Attaining body awareness is an important part of the child development process.
This concept can seem more hidden and less obvious than other milestones children meet in the early years.
Find out exactly what this ability entails and how you can help your child develop it with this collection of fun body awareness activities.
What is Body Awareness?
Body awareness for kids is being aware of all the body parts, how their bodies are moving, and where they are located in space.
This knowledge for adults and older children is basically unconscious, traveling between the brain and spinal cord. [source]

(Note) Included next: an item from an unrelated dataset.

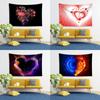 Valentine's Day Party Decoration Tapestry Home Wall Decoration Tapestry Bedroom Living Room Tapestry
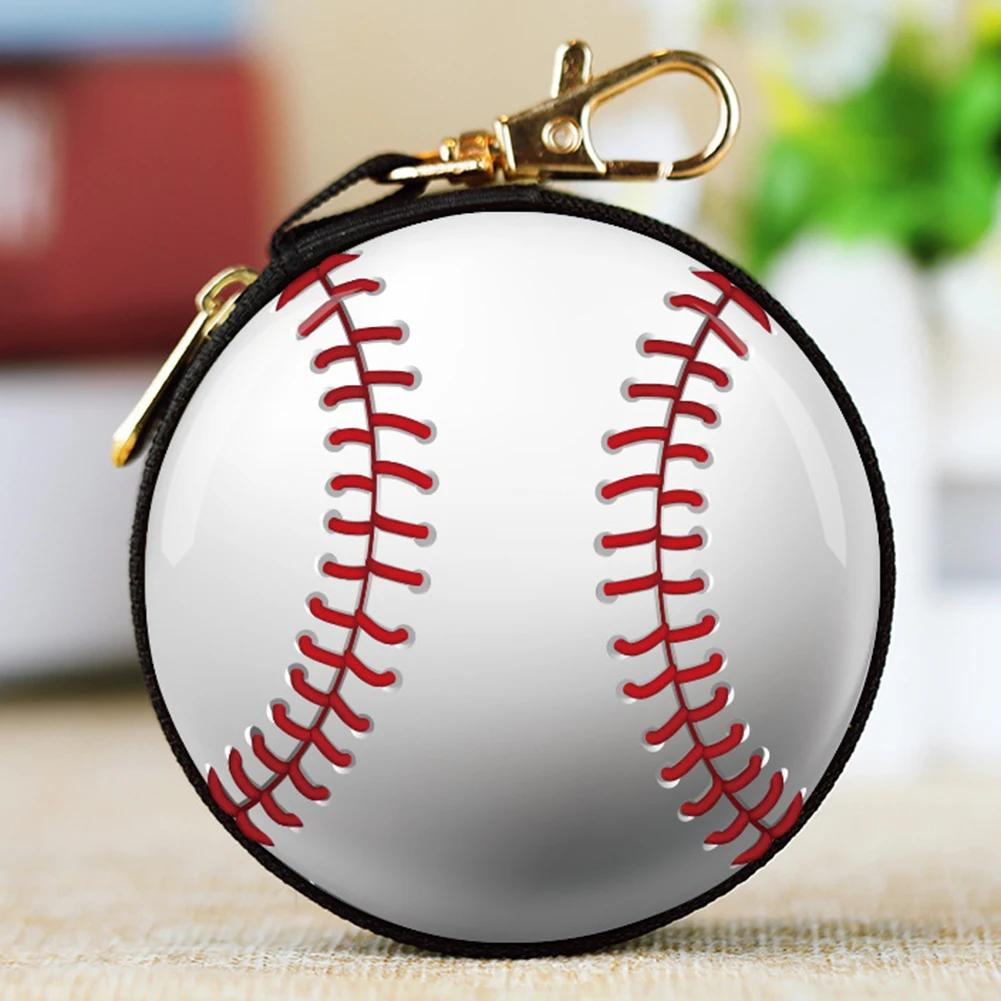 Bolsa com zíper em forma de bola para crianças Bolsa pequena Carteira de mudança de desenho animado Zip Coin Bag para meninos e meninas - Image 1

Body awareness helps us know how close to move in order to reach something, how high we need to step up onto a curb, and how to walk without watching our feet.
Until they gain body awareness, younger kids sometimes must think more consciously about these types of movements.
Kids who struggle with spatial awareness are affected in a variety of ways during the course of their daily lives.
- Have difficulty imitating the movements of others
- have trouble learning new gross motor skills
- Appear to be clumsy
- Play roughly with other kids
- Exclude various body parts when drawing pictures of people
- Display confusion about personal space
- Move too fast for the situation
- Act generally shy OR overly loud
- Have difficulty holding a pencil: pressing too hard or too lightly
- Miss social cues from other kids’ reactions to them
- Avoid the dark
Hearing, seeing, smelling, touching, and even tasting, all work together with the vestibular system that controls balance, in order to help kids move effectively.
But there is one more sense that is crucial for body awareness in child development: proprioception.
What is Proprioception?
We have receptors in our joints, muscles, and ligaments that give us feedback about our position in space at any given moment, how we are moving, and where we are located in relation to things and people around us.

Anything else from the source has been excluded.